**TASK DESCRIPTION**
Copy nothing but the lines from the line with "502x740 Happy morkie Image" to the end of the records, retyped exactly. Pictures stay out.
───── EXERCISE MATERIAL ─────
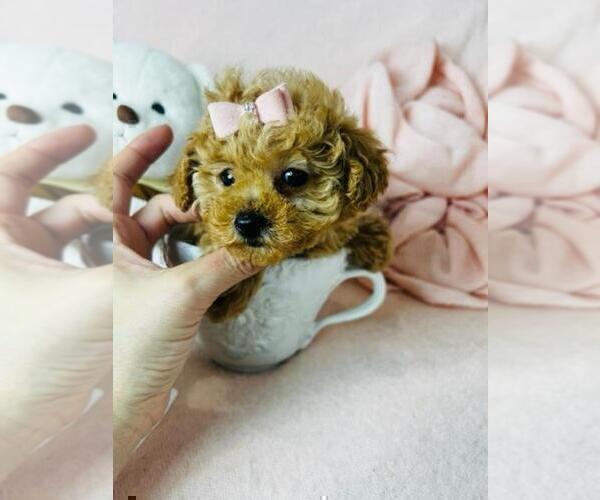 Medium Photo #19 Poodle (Toy) Puppy For Sale in THONOTOSASSA, FL, USA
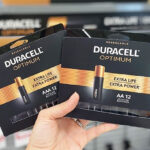 Person Holding Duracell AA And AAA Batteries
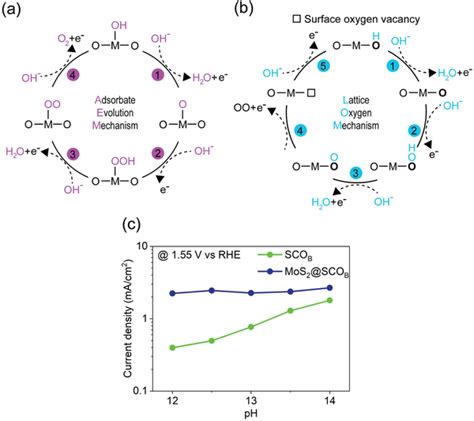 Schematics Of The Two Possible Oer Mechanisms A Adsorbate Evolution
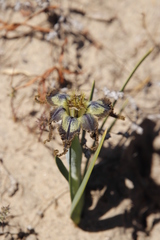 Ferraria crispa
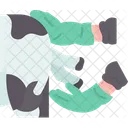 Cow Birth Animal 아이콘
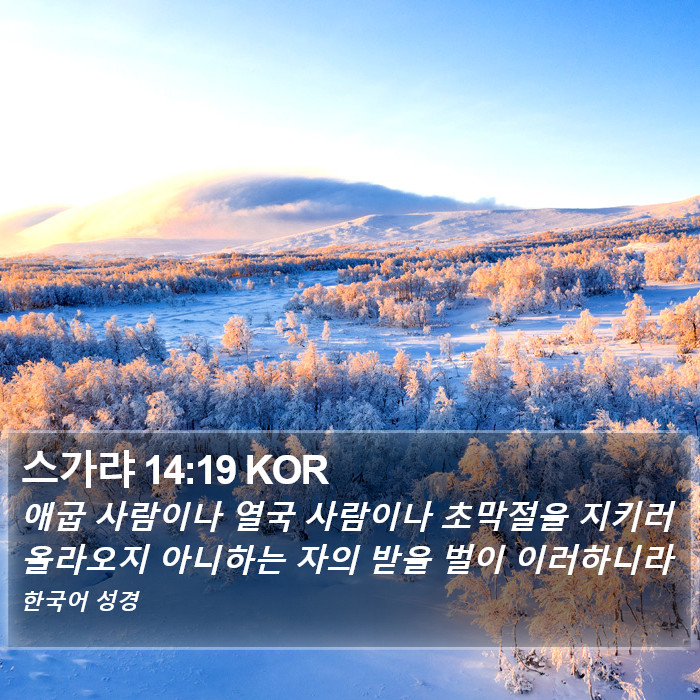 스가랴 14:19 KOR Bible Study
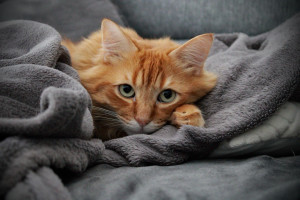 Photo de galerie - Shooting Chat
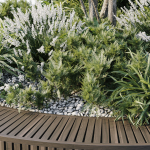 Outdoor Plants 2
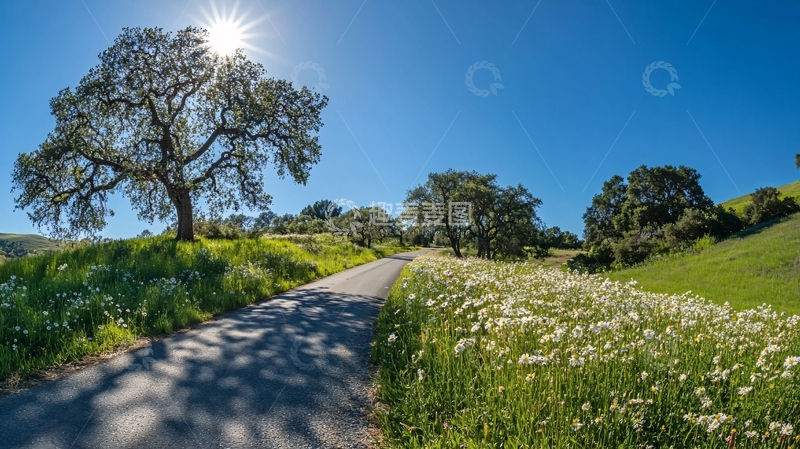 高清大图下载【趣麦麦图】阳光大树小路1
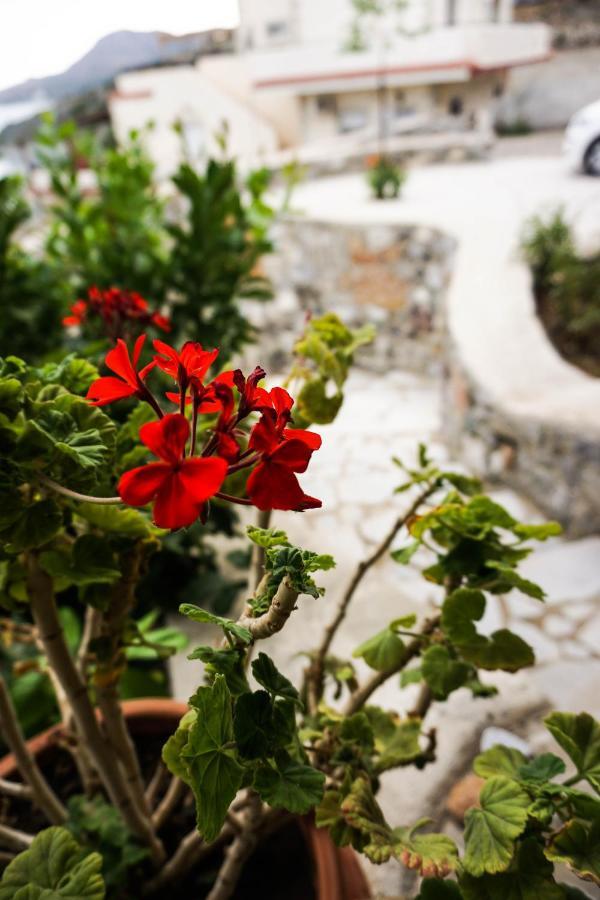 Porto Lassea Villa Kaloi Liménes Dış mekan fotoğraf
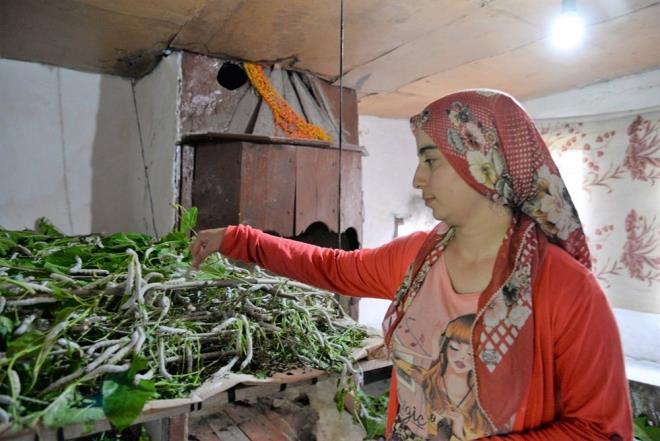 3 KLO PEK BCE KOZASINDAN, 2 KLO HAM PEK IKIYOR<br>  Yumurtadan kan ipek bcei trtlnn, sadece dut yapra yiyerek, her bir kozadan tek parada uzunluu 800 - 1200 metre arasnda deien dnyann en salam ipliini rettii, 3 kilo ipek bcei kozasndan, 2 kilo kadar ham ipek kt, Tp alannda ameliyat ipi olarak kullanlmasnn yannda elik yelek, parat kuma, uzay sanayiinde, tekstil ve dokuma sektrnde de kullanlan ipek, bilinen en salam doal iplik olduu.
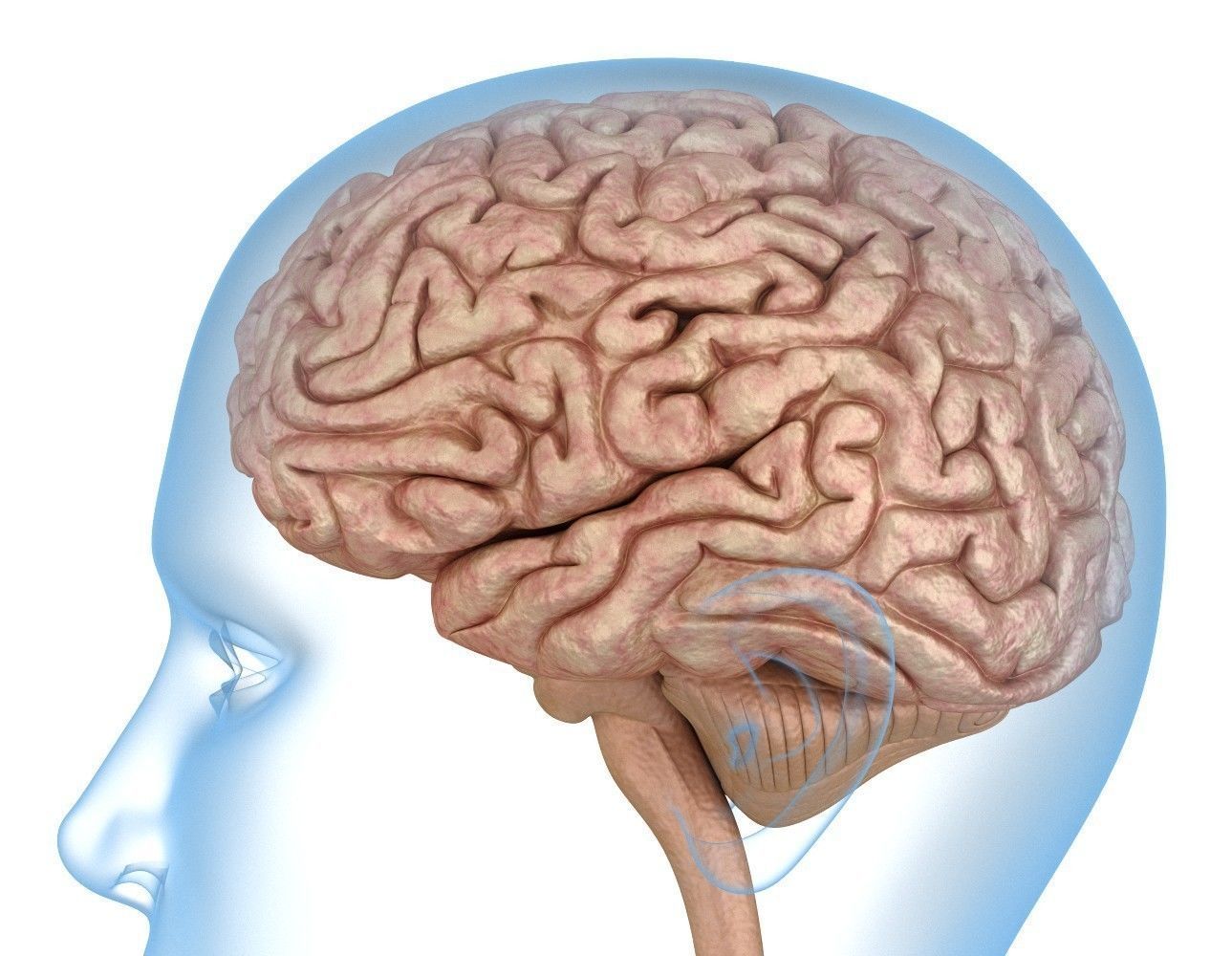 <p>The brain is the central organ of the nervous system involved in multiple functions but generally, detects and locates stimuli and how we interpret and learn from the world around us that helps define us.</p>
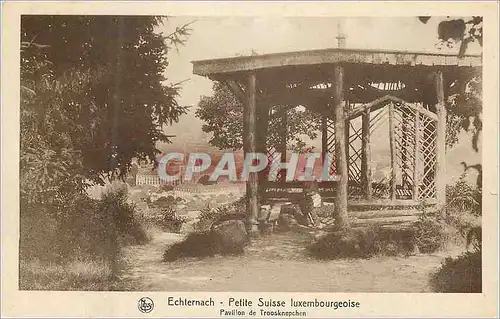 Cartes postales moderne echternach petite suisse luxembourgeoise  pavillon de troosknepchen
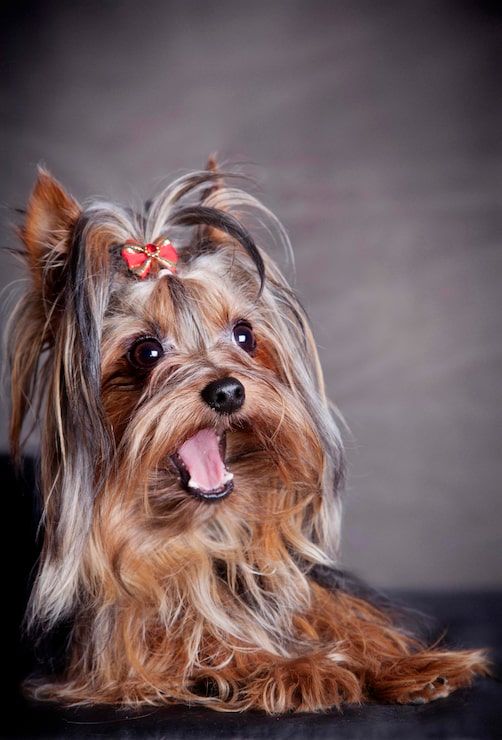 502x740 Happy morkie Image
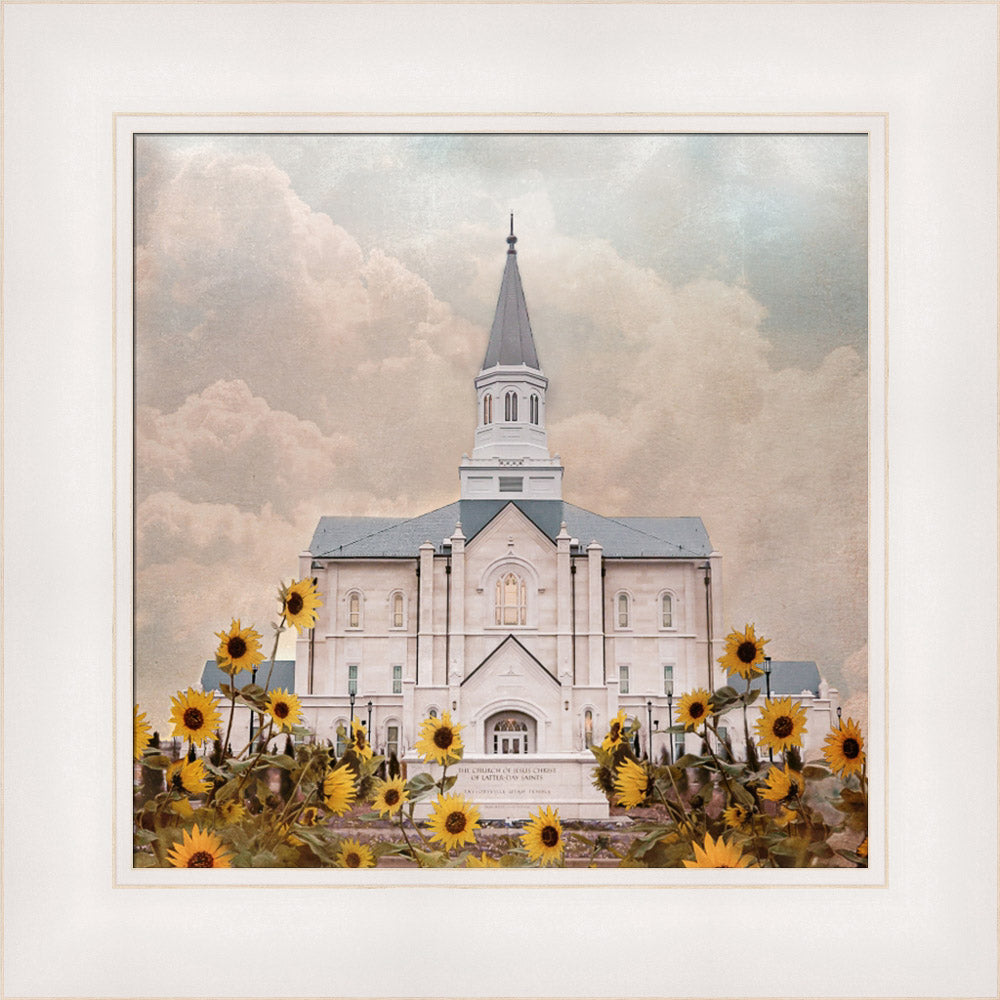 Taylorsville Utah Temple- Wild Sunflowers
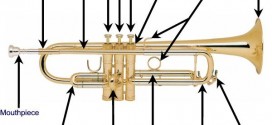 Tiếng Anh chuyên ngành âm nhạc (Phần 6) – Từ vựng các bộ phận kèn trumpet qua hình ảnh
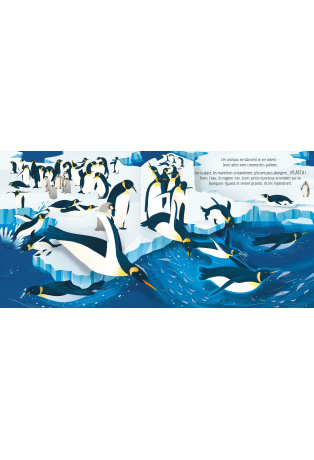 Les oiseaux - Livre Pop-Up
─────
**RESPONSE AREA**
 502x740 Happy morkie Image
 Taylorsville Utah Temple- Wild Sunflowers
 Tiếng Anh chuyên ngành âm nhạc (Phần 6) – Từ vựng các bộ phận kèn trumpet qua hình ảnh
 Les oiseaux - Livre Pop-Up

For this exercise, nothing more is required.